Closed mhmgad closed 4 years ago

mhmgad commented 4 years ago

Description

when using function _load_model_from_trained_params() in module EmbeddingModel for large KGs in order to continue training, the function intialize the ent_emb matrix size to the batch_size , which according to intialization funtion and docs description it should be doable the batch_size. This leads to problem in _get_model_loss(self, dataset_iterator ) funtion.

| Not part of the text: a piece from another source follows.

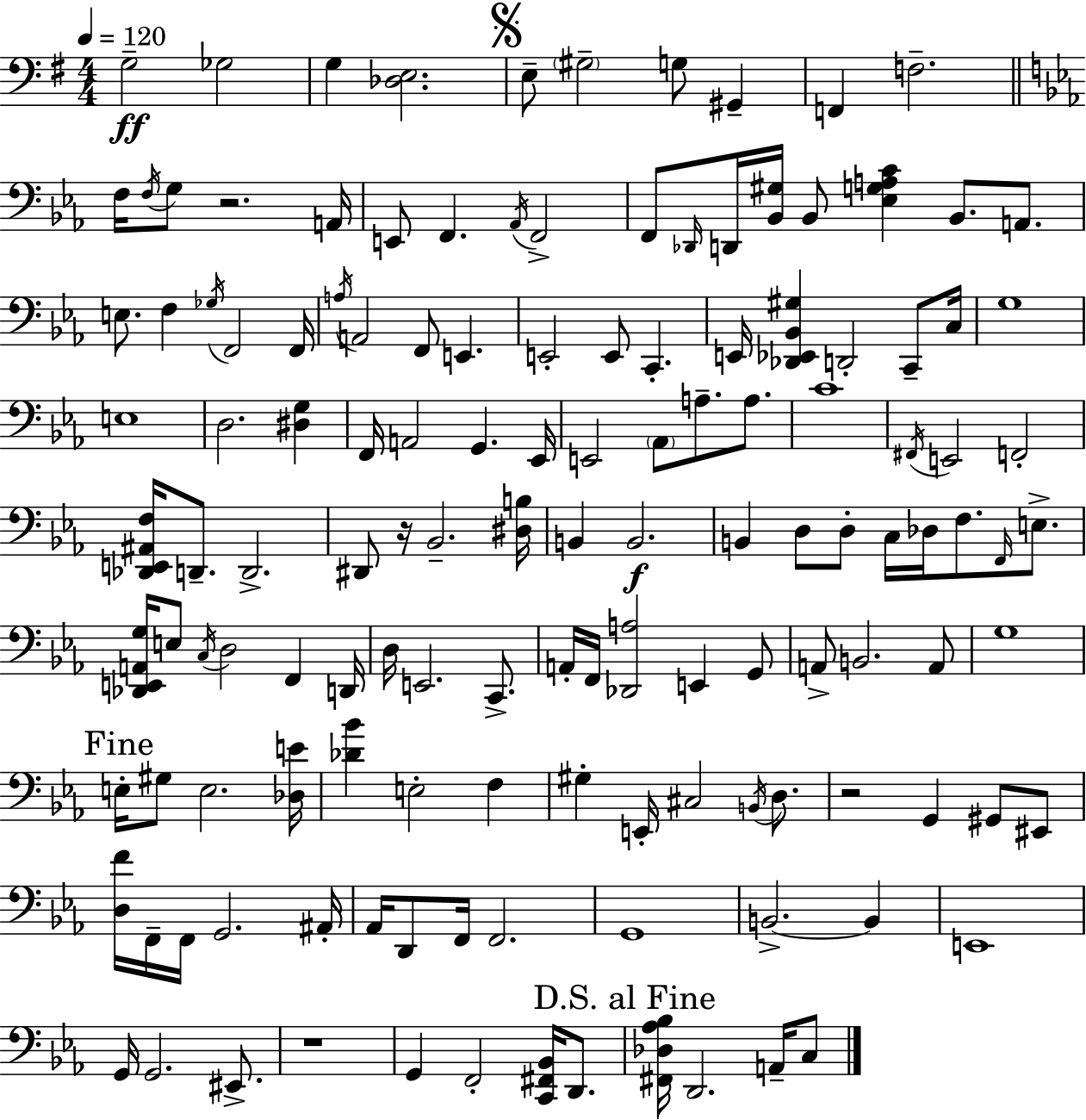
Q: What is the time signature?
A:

    def _get_model_loss(self, dataset_iterator):
     ........
        if self.dealing_with_large_graphs:
            # Create a dependency to load the embeddings of the batch entities dynamically
            init_ent_emb_batch = self.ent_emb.assign(ent_emb_batch, use_locking=True)
            dependencies.append(init_ent_emb_batch)
InvalidArgumentError (see above for traceback): Assign requires shapes of both tensors to match. lhs shape= [42959,100] rhs shape= [85918,100]
         [[node Assign (defined at /home/gadelrab/.local/lib/python3.7/site-packages/ampligraph/latent_features/models/EmbeddingModel.py:514) ]]

Actual Implementation

def _load_model_from_trained_params(self):
    .......
        if not self.dealing_with_large_graphs:
            self.ent_emb = tf.Variable(self.trained_model_params[0], dtype=tf.float32)
        else:
            self.ent_emb_cpu = self.trained_model_params[0]
            self.ent_emb = tf.Variable(np.zeros((self.batch_size  , self.internal_k)), dtype=tf.float32)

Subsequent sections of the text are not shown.